#### Provided material

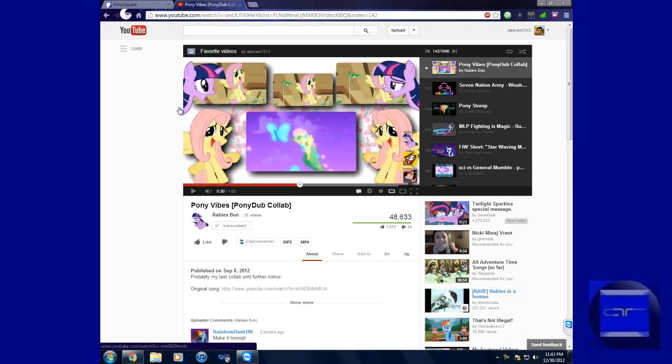Hey, what's up everybody? It's alexram1313 and it's almost 2013 at the time of this recording. First off, happy New Year everybody. Today I'm going to show you a hidden feature in Camtasia Studio.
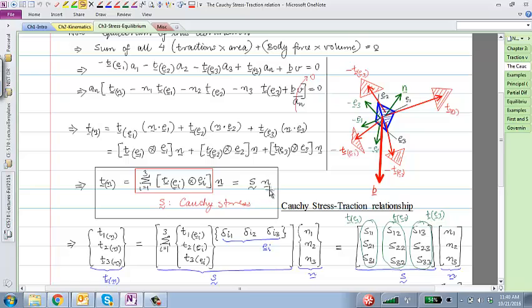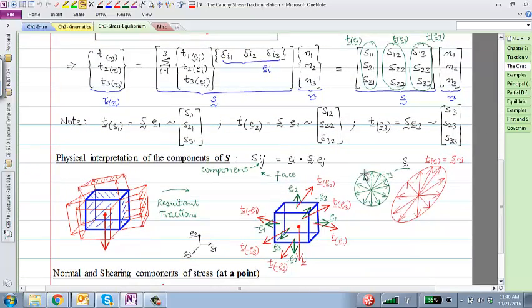The fundamental relationship is: traction on an arbitrary inclined surface at a point within a body equals the Cauchy stress acting on the normal vector. This normal vector could be any arbitrary vector. Inside a deformable body at some point, infinitely many surfaces pass through that point, each with a corresponding normal. The stress acting on that normal gives the traction vector. All traction vectors at a point are related through the stress tensor, and the columns of the stress tensor are the traction vectors for those coordinate directions.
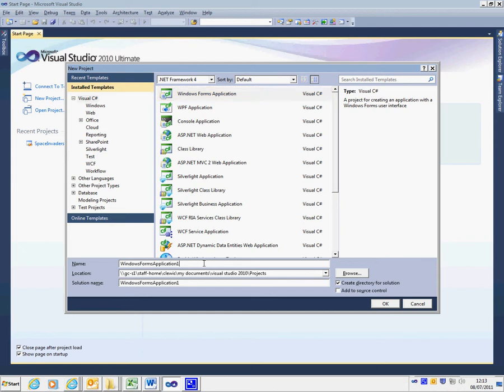You need to give the project a name. I'm going to give this one a very simple name of hello world.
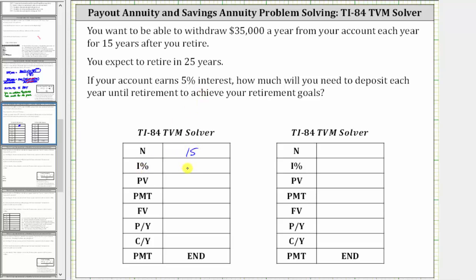The interest rate is 5%. We are solving for the present value, so we'll come back to this. The payments you want to receive are $35,000 a year, and therefore the payment is 35,000 because you are receiving that money. The future value is the value of the account after 15 years, which would be $0. And because you're withdrawing $35,000 once a year, payments per year and compounds per year will be one.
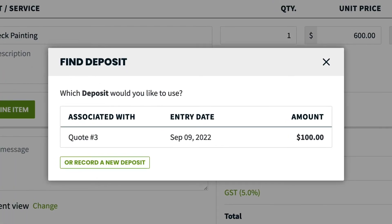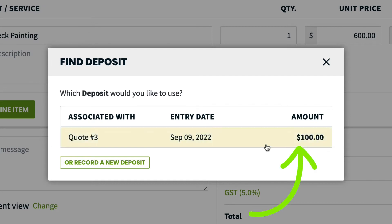You may have recorded a deposit for this client previously, or they may have already paid a deposit on a quote that we need to now apply to this invoice. If that's the case, you'll see a prompt to select the existing deposit and apply it to this invoice.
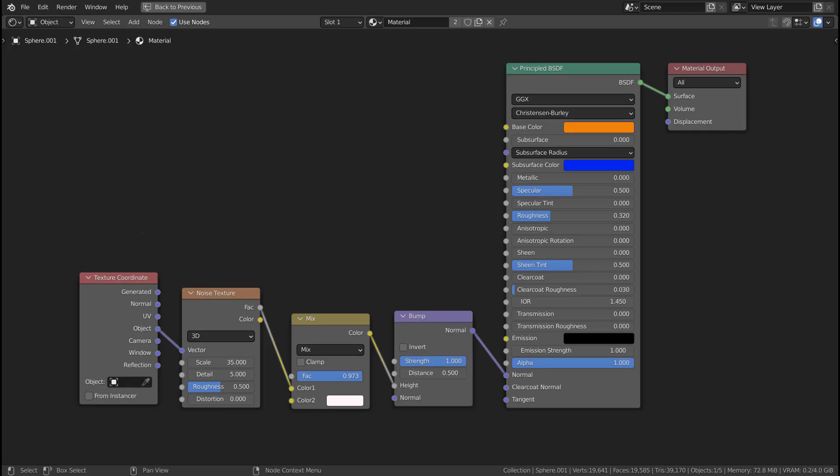Here are the full nodes for the orange material. The idea is to use the noise and bump it to the normal node. Please test the material by replacing the mix node with Color Ramp.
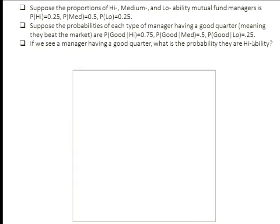So that's A over A+B+C, which is: the probability that you're high times the probability of a good signal if you're high ability, plus the probability that you are of medium ability multiplied by the conditional probability of a good quarter given medium ability, plus the probability that you are a low quality manager and had a good quarter anyway. Bayes' rule says: take the area representing the thing we're trying to infer as a proportion of all the different ways you could have had a good outcome. This is on problem set 6, and it will with probability 1 be on the final.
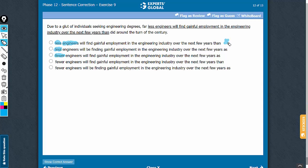So, answer choices A and B should be very comfortably eliminated. Then, 'fewer than' is the right usage, so answer choices which use 'fewer as' cannot be correct. So, choices C and E should be eliminated.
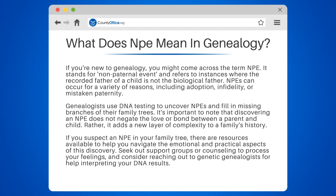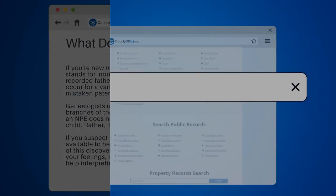If you suspect an NPE in your family tree, there are resources available to help you navigate the emotional and practical aspects of this discovery. Seek out support groups or counseling to process your feelings, and consider reaching out to genetic genealogists for help interpreting your DNA results.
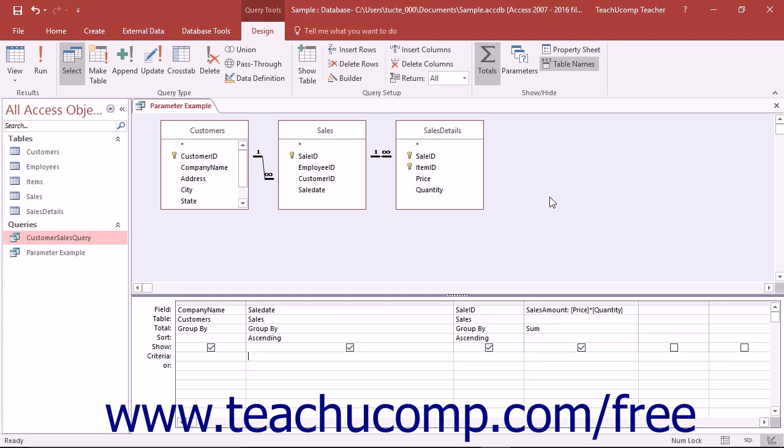Instead you can create a parameterized query that will prompt you to enter a value for the specified field, in this case something like an entry date field, that the query will then use to find those records that match the value which you entered when you opened the query.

#### Task requirements
Output each record verbatim and leave out its pictures.

#### Exercise solution
Hey, what's up everybody? It's alexram1313 and it's almost 2013 at the time of this recording. First off, happy New Year everybody. Today I'm going to show you a hidden feature in Camtasia Studio.
The fundamental relationship is: traction on an arbitrary inclined surface at a point within a body equals the Cauchy stress acting on the normal vector. This normal vector could be any arbitrary vector. Inside a deformable body at some point, infinitely many surfaces pass through that point, each with a corresponding normal. The stress acting on that normal gives the traction vector. All traction vectors at a point are related through the stress tensor, and the columns of the stress tensor are the traction vectors for those coordinate directions.
You need to give the project a name. I'm going to give this one a very simple name of hello world.
The interest rate is 5%. We are solving for the present value, so we'll come back to this. The payments you want to receive are $35,000 a year, and therefore the payment is 35,000 because you are receiving that money. The future value is the value of the account after 15 years, which would be $0. And because you're withdrawing $35,000 once a year, payments per year and compounds per year will be one.
You may have recorded a deposit for this client previously, or they may have already paid a deposit on a quote that we need to now apply to this invoice. If that's the case, you'll see a prompt to select the existing deposit and apply it to this invoice.
Here are the full nodes for the orange material. The idea is to use the noise and bump it to the normal node. Please test the material by replacing the mix node with Color Ramp.
So that's A over A+B+C, which is: the probability that you're high times the probability of a good signal if you're high ability, plus the probability that you are of medium ability multiplied by the conditional probability of a good quarter given medium ability, plus the probability that you are a low quality manager and had a good quarter anyway. Bayes' rule says: take the area representing the thing we're trying to infer as a proportion of all the different ways you could have had a good outcome. This is on problem set 6, and it will with probability 1 be on the final.
So, answer choices A and B should be very comfortably eliminated. Then, 'fewer than' is the right usage, so answer choices which use 'fewer as' cannot be correct. So, choices C and E should be eliminated.
If you suspect an NPE in your family tree, there are resources available to help you navigate the emotional and practical aspects of this discovery. Seek out support groups or counseling to process your feelings, and consider reaching out to genetic genealogists for help interpreting your DNA results.
Instead you can create a parameterized query that will prompt you to enter a value for the specified field, in this case something like an entry date field, that the query will then use to find those records that match the value which you entered when you opened the query.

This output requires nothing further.